**Exercise brief:** The response should repeat word for word every line below from the one with "達達熊藍冰生物冰袋無(wú)需注水冷藏水果生鮮食品保鮮冷敷快遞露營(yíng)戶(hù)外 400ML 3袋" to the one with "Skoda Karoq kapsaml resim galerisi", inclusive, and nothing else; leave pictures out.

== Records to process

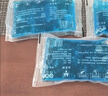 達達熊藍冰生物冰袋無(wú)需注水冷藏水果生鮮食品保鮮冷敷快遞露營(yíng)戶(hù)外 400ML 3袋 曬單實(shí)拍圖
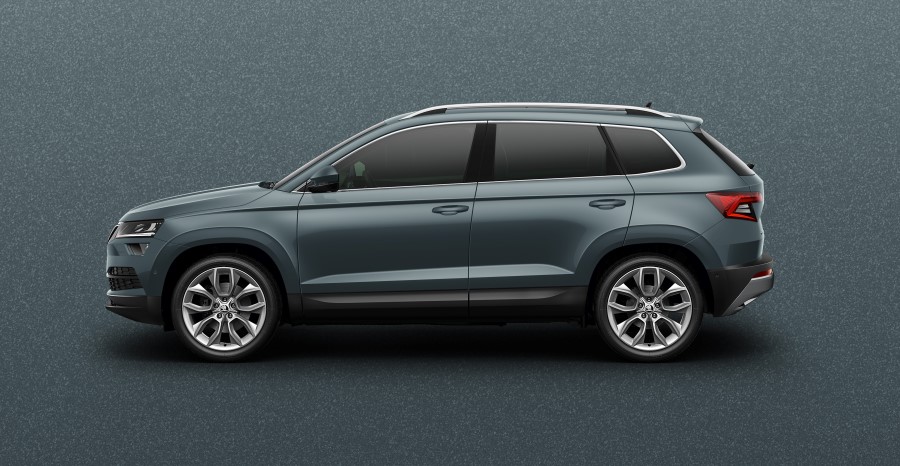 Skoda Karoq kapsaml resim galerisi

====
== Records to process

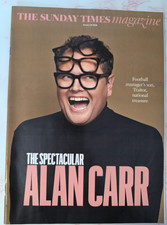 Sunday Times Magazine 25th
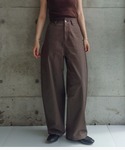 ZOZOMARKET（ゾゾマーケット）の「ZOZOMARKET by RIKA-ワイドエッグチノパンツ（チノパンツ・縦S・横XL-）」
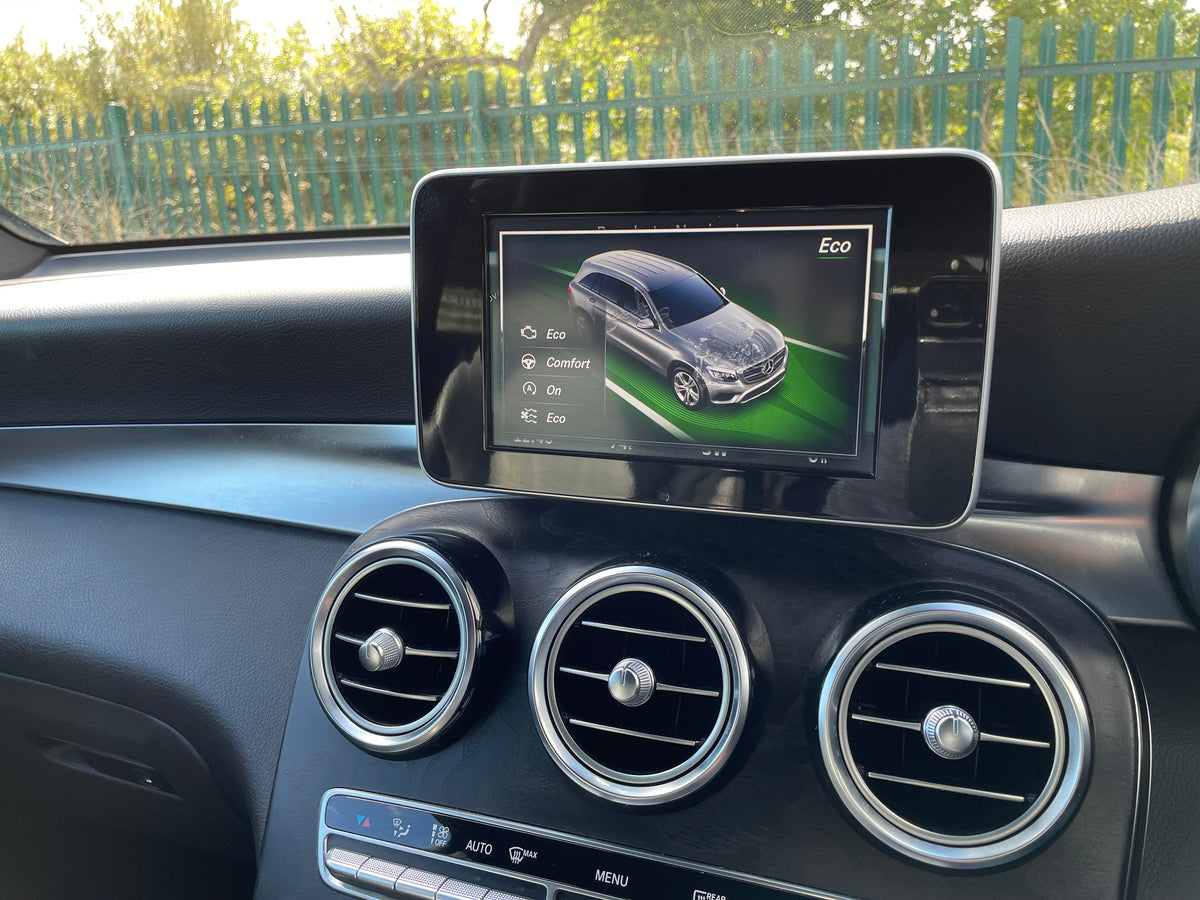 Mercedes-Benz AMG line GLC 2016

====
== Records to process

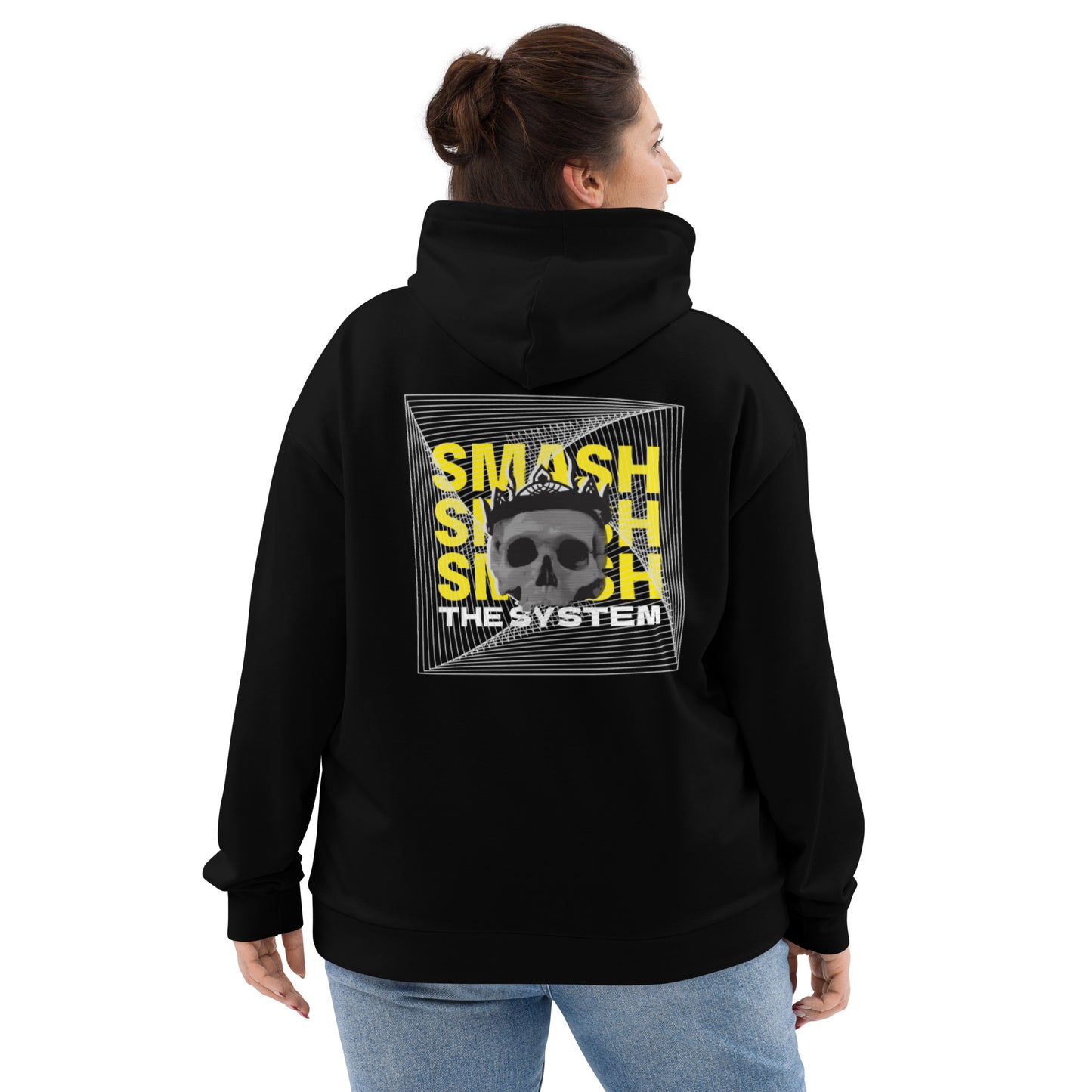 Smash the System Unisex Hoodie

====

**Response for this exercise:**
 達達熊藍冰生物冰袋無(wú)需注水冷藏水果生鮮食品保鮮冷敷快遞露營(yíng)戶(hù)外 400ML 3袋 曬單實(shí)拍圖
 Skoda Karoq kapsaml resim galerisi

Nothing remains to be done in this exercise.